The overall optimization objective is: $$\mathcal{L}_{LDRLD} = \mathcal{L}_{Task} + \alpha \mathcal{L}_{Local} + \beta \mathcal{L}_{RNTK}$$

where $\mathcal{L}_{Local} = \mathcal{L}^w + \mathcal{L}_{LLKI}$, and $\alpha$, $\beta$ are balancing coefficients.

Key Experimental Results¶

Main Results¶

CIFAR-100 homogeneous architecture distillation:

Teacher→Student	KD	DKD	NKD	WTTM	LDRLD	Δ vs KD
ResNet56→ResNet20	70.66	71.97	71.18	71.92	72.20	+1.54
ResNet110→ResNet20	70.67	70.91	71.26	71.67	71.98	+1.31
ResNet32×4→ResNet8×4	73.33	76.32	76.35	76.06	77.20	+3.87
WRN-40-2→WRN-16-2	74.92	76.24	75.43	76.37	76.35	+1.43
VGG13→VGG8	72.98	74.68	74.86	74.44	75.06	+2.08

ImageNet-1K:

Teacher→Student	KD	DKD	WTTM	LDRLD	Δ vs KD
ResNet34→ResNet18 Top-1	70.66	71.70	72.19	71.88	+1.22
ResNet50→MobileNetV1 Top-1	70.49	72.05	73.09	73.12	+2.63

Ablation Study¶

CIFAR-100 heterogeneous architecture distillation (ResNet32×4→ShuffleNetV1):

Method	Top-1 Acc	Note
KD	74.07	Baseline
DKD	76.45	Decoupled target/non-target
NKD	76.31	Normalized non-target
FCFD	78.12	Feature distillation
CAT-KD	78.26	Class activation transfer
LDRLD	76.46	ADW + LDRLD + RNTK

Key Findings¶

Comprehensive superiority among logit-based methods: LDRLD outperforms DKD, NKD, WTTM, and other methods across all homogeneous architecture pairs and the majority of heterogeneous pairs.
Largest gains under large capacity gaps: ResNet32×4→ResNet8×4 yields a +3.87% improvement, indicating that fine-grained relational knowledge is particularly valuable when the capacity gap is large.
Large-scale validation on ImageNet-1K: A +2.63% gain on ResNet50→MobileNetV1 demonstrates that the method generalizes beyond small datasets.
Critical role of the ADW strategy: The combination of IRW and ERD ensures focus on critical class pairs while avoiding excessive attention to low-ranked pairs.
Strong competitiveness within logit-based methods, though a gap remains compared to some feature-based methods (e.g., FCFD, CAT-KD).

Highlights & Insights¶

Local softmax enhances discriminability: Decomposing the global probability distribution into pairwise local probabilities naturally amplifies probability differences among similar classes—a concise yet powerful observation.
Two-level weight design in ADW: IRW operates on rank difference (inter-class distance) while ERD operates on rank sum (absolute position), capturing complementary aspects of class-pair importance.
Information density of recursive decoupling: $d$ classes yield $\frac{d(d-1)}{2}$ class pairs, providing far richer relational information than a single KL divergence term.
Knowledge completeness guarantee: The RNTK loss ensures that dark knowledge from unselected tail classes is not forgotten, reflecting the thoroughness of the design.

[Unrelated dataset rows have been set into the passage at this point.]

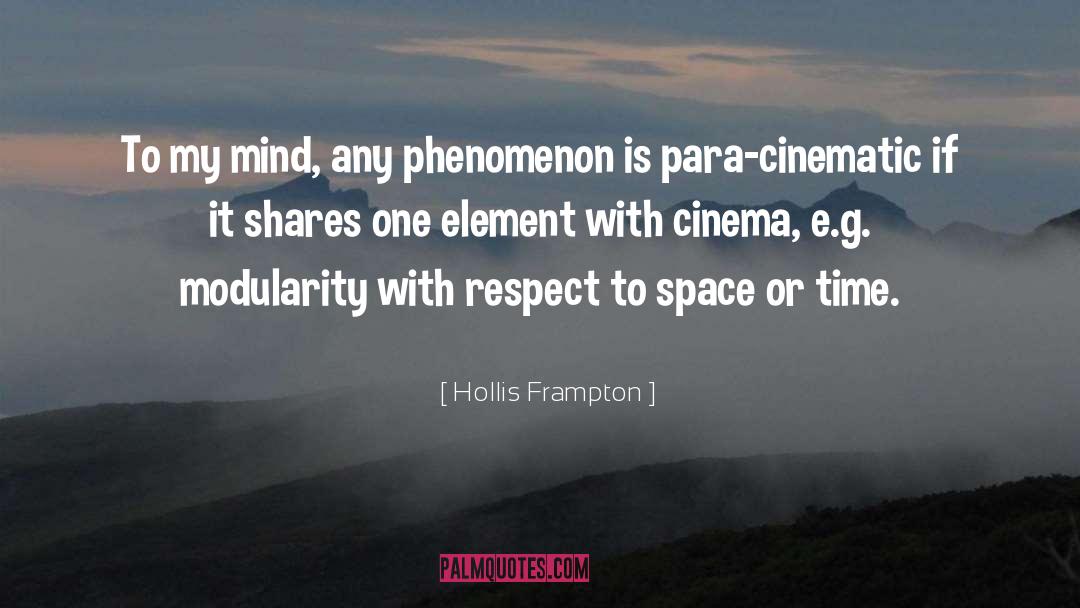 Hollis Frampton Quotes: To my mind, any phenomenon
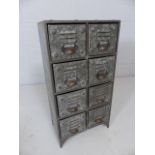 Small industrial chest of six drawers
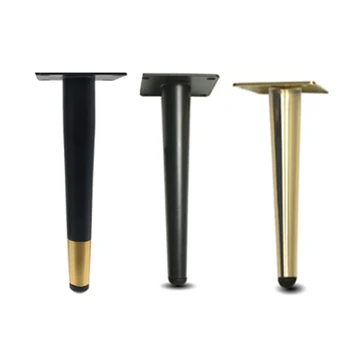 Furniture Leg Black Gold Vertical Support Foot Thickened Metal Feet Accessories For Wardrobe Sofa Chair Bed Bathroom Cabinet 
Furniture Leg Black Gold Vertical Support Foot Thickened Metal Feet Accessories For Wardrobe Sofa Chair Bed Bathroom Cabinet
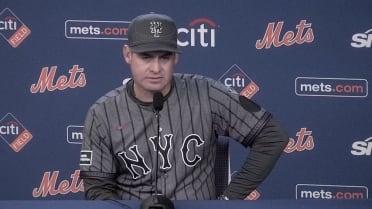 Carlos Mendoza discusses the Mets' 3-1 loss
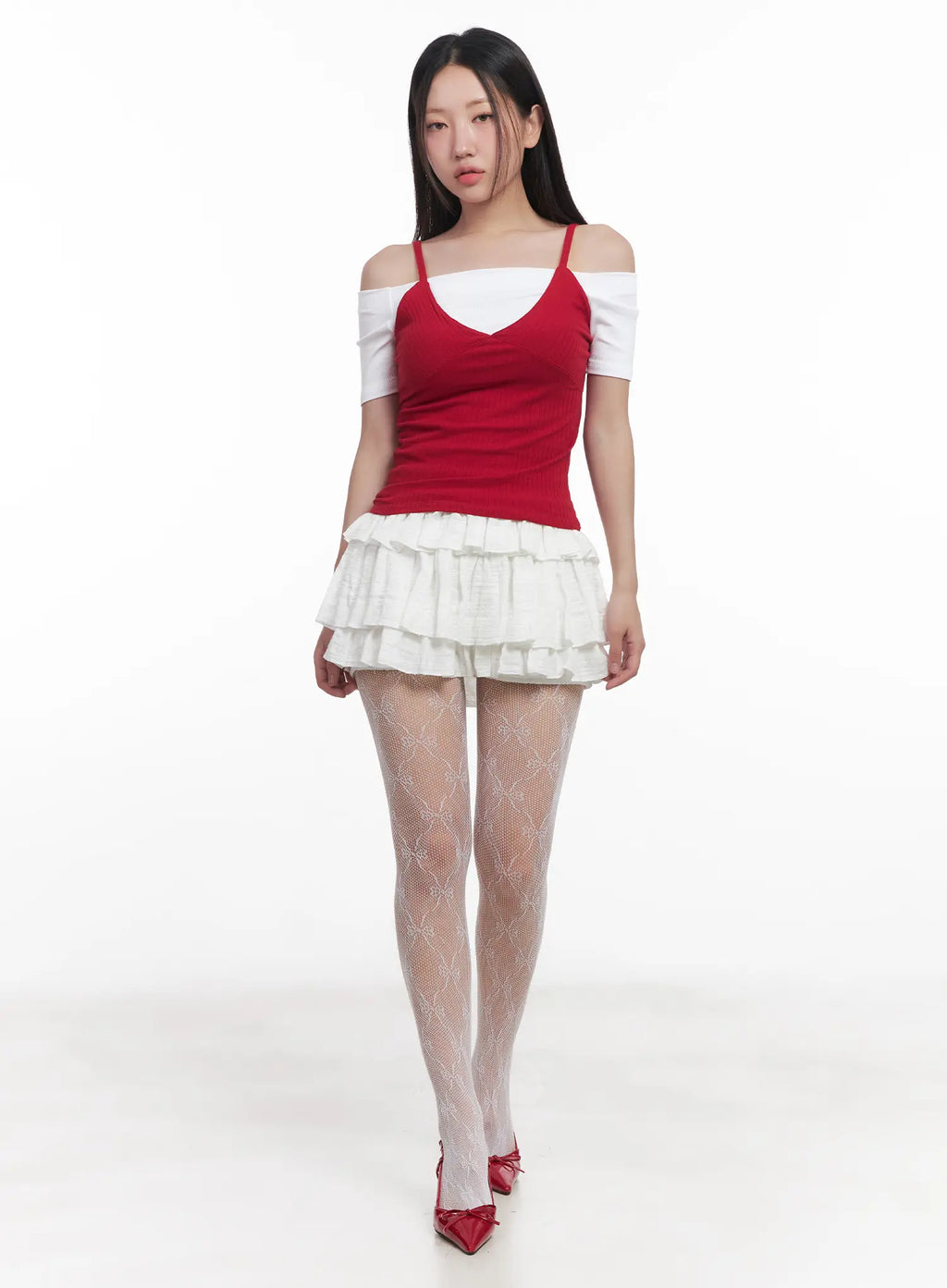 Ruffle Tiered Mini Skirt CU516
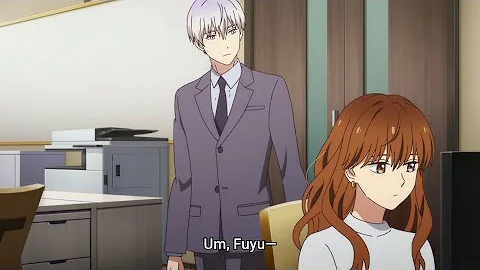 Himuro wants to talk to Fuyutsuki | Koori Zokusei Danshi to Cool na Douryou Joshi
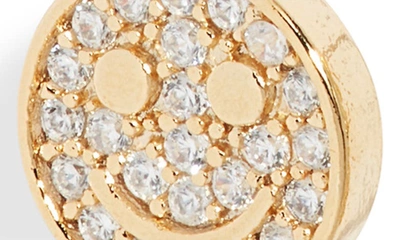 Shop Estella Bartlett Sparkle Smiley Huggie Hoop Earrings In Gold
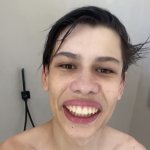 German pink cardigan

Limitations & Future Work¶

The recursive depth $d$ requires tuning; excessively large values introduce unnecessary low-ranked class pairs.
Computational complexity is $O(d^2)$, which may incur additional overhead when $d$ is large.
Hyperparameters in ADW ($\epsilon = 1.50, \delta = 2.0, \lambda = 0.05$) are manually set; adaptive learning of these values could yield further improvements.
Validation is limited to classification tasks; extension to detection, segmentation, and other tasks remains unexplored.
A performance gap persists compared to feature-based methods (e.g., FCFD at 78.12%), suggesting an inherent ceiling on the information extractable from the logit layer alone.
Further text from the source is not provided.